Una Chiesa che cambia il proprio assetto territoriale è chiamata a interrogarsi anche sul modo di celebrare. Da questa consapevolezza ha preso avvio l’incontro formativo mensile del clero trentino, svoltosi giovedì 22 gennaio presso il seminario di Trento. Vi hanno preso parte presbiteri, diaconi, religiosi e religiose per una riflessione condivisa sulla vita liturgica nelle nuove configurazioni pastorali.
Il ritiro, dal titolo “Trasformazione territoriale e celebrazione liturgica: quali connessioni e prospettive?, è stato guidato da don Stefano Borghi, presbitero della diocesi di Reggio Emilia e docente di teologia pastorale, che ha proposto una lettura approfondita delle sfide legate alla riorganizzazione del territorio ecclesiale, in particolare attraverso la nascita delle unità pastorali.
Oltre l’organizzazione: la liturgia al centro
Nel suo intervento, don Borghi ha evidenziato come, in molti contesti, i cambiamenti siano stati affrontati soprattutto dal punto di vista organizzativo. L’attenzione si è spesso concentrata sulla distribuzione delle celebrazioni e sulla gestione delle presenze sacerdotali, lasciando in secondo piano la riflessione liturgica. Il rischio, ha sottolineato, è quello di ridurre la liturgia a una risposta funzionale alle difficoltà del momento, perdendone la dimensione teologica e comunitaria.
La domenica e le celebrazioni in assenza di presbitero
Don Borghi ha dedicato ampio spazio al tema della domenica, cuore della vita cristiana. In particolare, si è riflettuto sulle celebrazioni domenicali in assenza di presbitero, sempre più diffuse in diversi territori. Don Borghi ha richiamato il magistero della Chiesa, che riconosce queste celebrazioni come una possibilità reale a determinate condizioni, e insieme ha riportato considerazioni sui diversi aspetti implicati in questo discernimento (la celebrazione comunitaria della domenica, i ministeri, la presenza ecclesiale nel territorio).

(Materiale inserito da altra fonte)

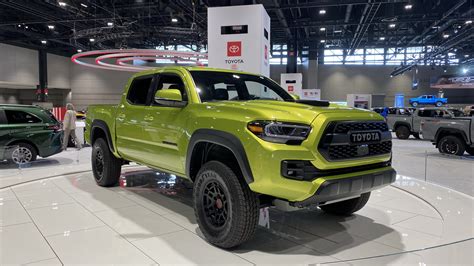 2022 Toyota Tacoma TRD Pro Arrives in Chicago With Electric Lime Green Exterior - autoevolution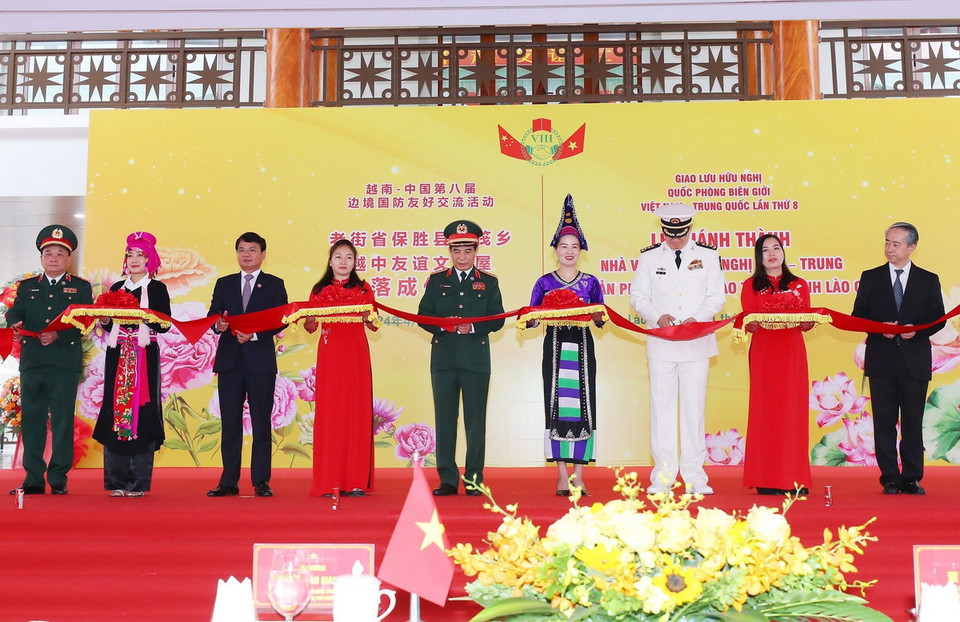 Đại tướng Phan Văn Giang, Bộ trưởng Quốc phòng Việt Nam, Thượng tướng Đổng Quân, Bộ trưởng Quốc phòng Trung Quốc, và các đại biểu cắt băng khánh thành Nhà văn hóa Hữu nghị Việt Nam-Trung Quốc tại bản Phiệt, huyện Bảo Thắng (Lào Cai). (Ảnh: Trọng Đức/TTXVN)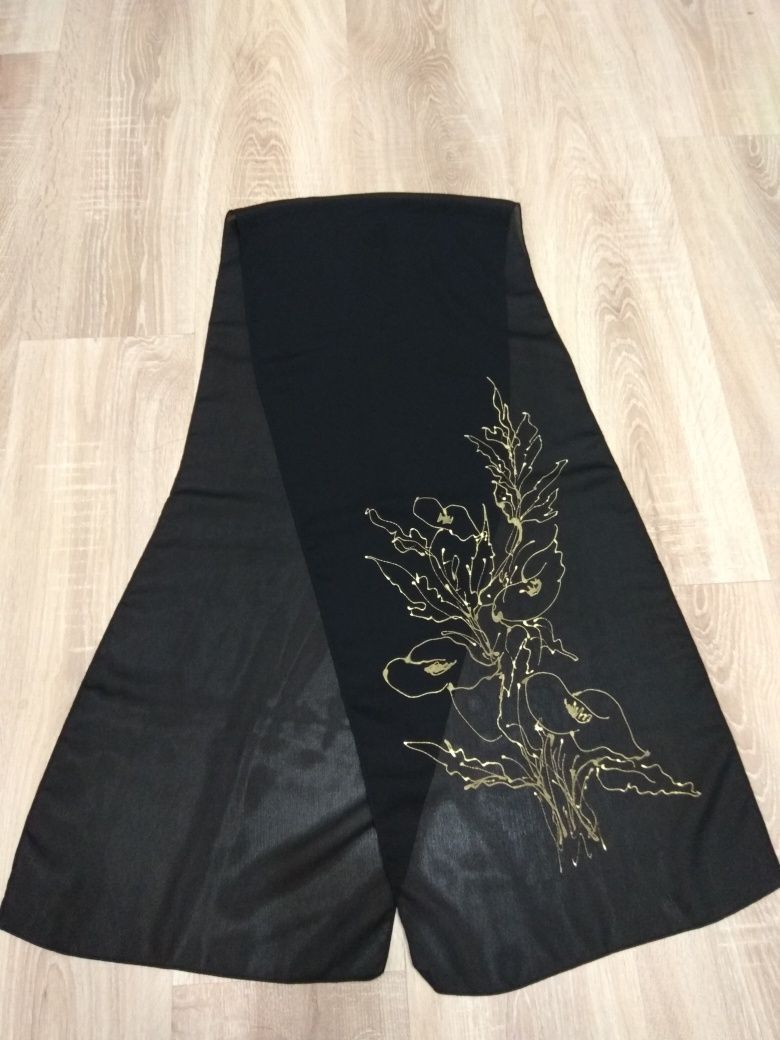 Ręcznie malowany czarny szal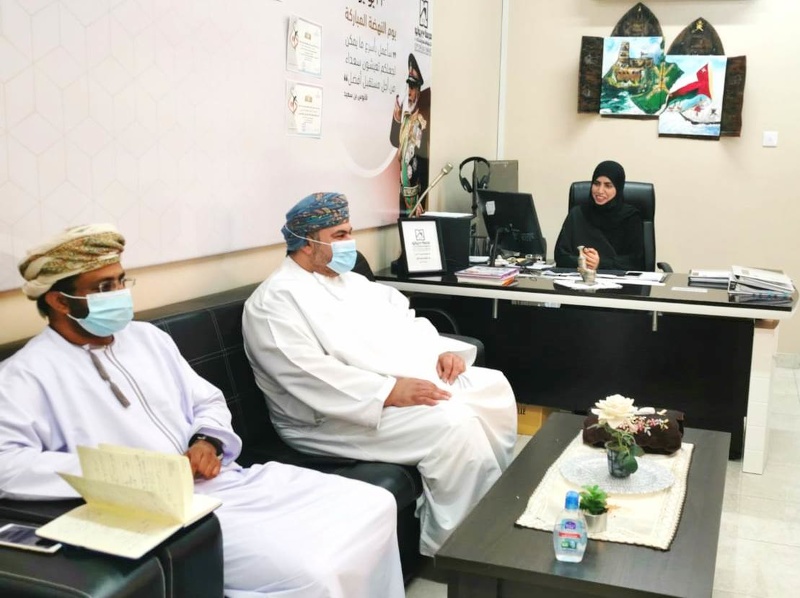 مدير عام تعليمية ظفار يزور عدد من مدارس ولاية صلاله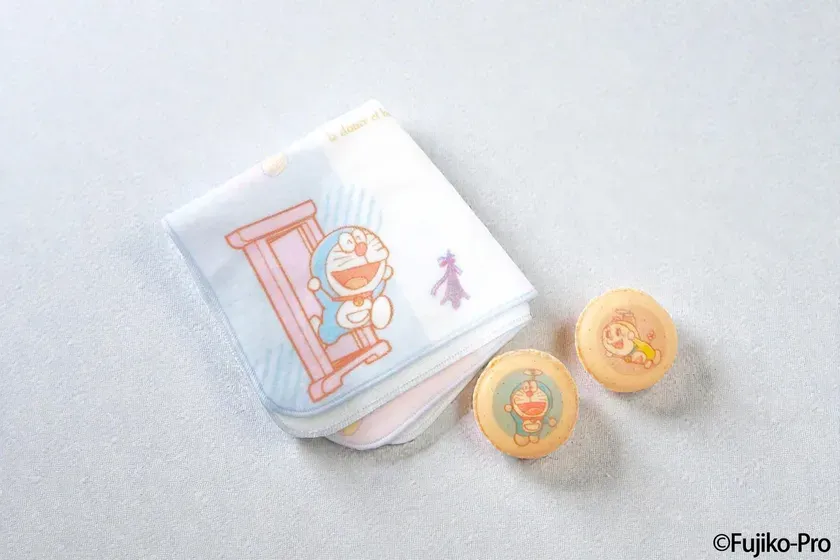 ドラえもんのハンカチとマカロンのセット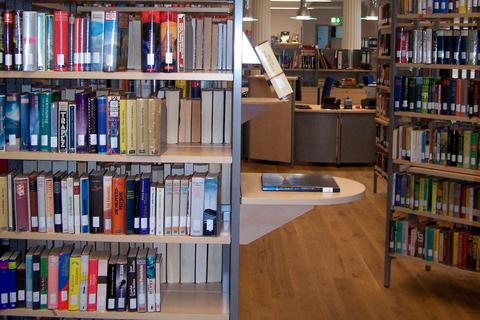 2G plus: Zutritt zur Dillenburger Stadtbücherei am Untertor erhält nur, wer diese Regel einhält und außerdem einen Besuchstermin vereinbart hat.  Foto: Stadt Dillenburg 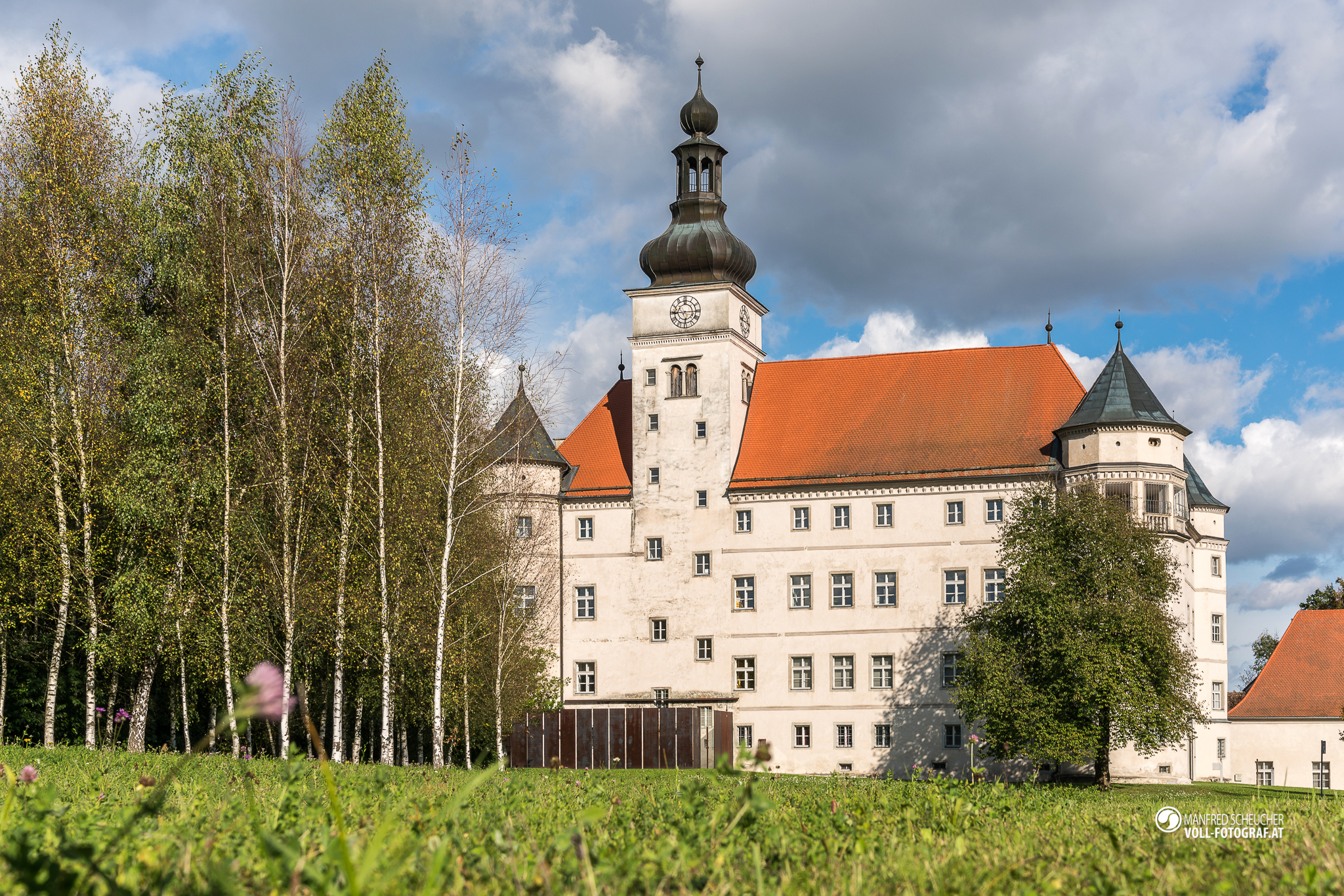 Im Lern- und Gedenkort Schloss Hartheim werden immer am ersten Sonntag des Monats von 14:30 bis 16:00 Uhr öffentliche Begleitungen durchgeführt.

Ministeri laicali: una responsabilità da riconoscere
La riflessione ha toccato anche il ruolo dei ministeri laicali, chiamati oggi a una responsabilità crescente nella guida della preghiera comunitaria e nell’animazione delle celebrazioni della Parola. È emersa con forza la necessità di una formazione adeguata e di un riconoscimento ecclesiale stabile, affinché il coinvolgimento dei laici non sia percepito come una soluzione di emergenza, ma come una risorsa autentica e strutturale per la vita delle comunità.
La forza del rito e la partecipazione dell’assemblea
Un passaggio centrale dell’incontro ha riguardato l’efficacia rituale della liturgia. Il rito è stato presentato come un’esperienza complessa e unitaria, in cui parole, gesti, silenzi, musica e relazioni concorrono a generare comunione. La partecipazione liturgica, ha ricordato il relatore, non è mai passiva, ma rende i fedeli parte integrante dell’evento celebrativo, coinvolgendo l’intera persona.
Assemblee da ripensare nei nuovi territori pastorali
Nel contesto della trasformazione territoriale, don Borghi ha invitato a ripensare il modo di radunare le assemblee, superando una logica puramente quantitativa o funzionale. Non si tratta soltanto di ridurre o accorpare le celebrazioni, ma di creare le condizioni perché i fedeli possano partecipare a riti curati, coerenti e realmente significativi, capaci di esprimere la soggettualità delle comunità anche all’interno di assetti pastorali riorganizzati.
Una domenica dal valore iniziatico
Lo sguardo si è infine aperto a una prospettiva iniziatica della domenica, intesa non come un semplice appuntamento settimanale, ma come un’esperienza che educa progressivamente alla fede e alla vita ecclesiale. In questa prospettiva, piccole assemblee diffuse nel territorio e grandi raduni festivi non sono realtà in competizione, ma momenti complementari di un unico cammino comunitario.
Piste di lavoro per il futuro
L’incontro ha offerto al clero trentino, ai religiosi e alle religiose presenti, elementi di discernimento e concrete piste di lavoro, per accompagnare le comunità in una fase di profondo cambiamento.
La riorganizzazione pastorale è stata così riletta non solo come una necessità organizzativa, ma come un’opportunità per riscoprire la centralità della liturgia nella costruzione della vita ecclesiale e nella presenza della Chiesa sul territorio.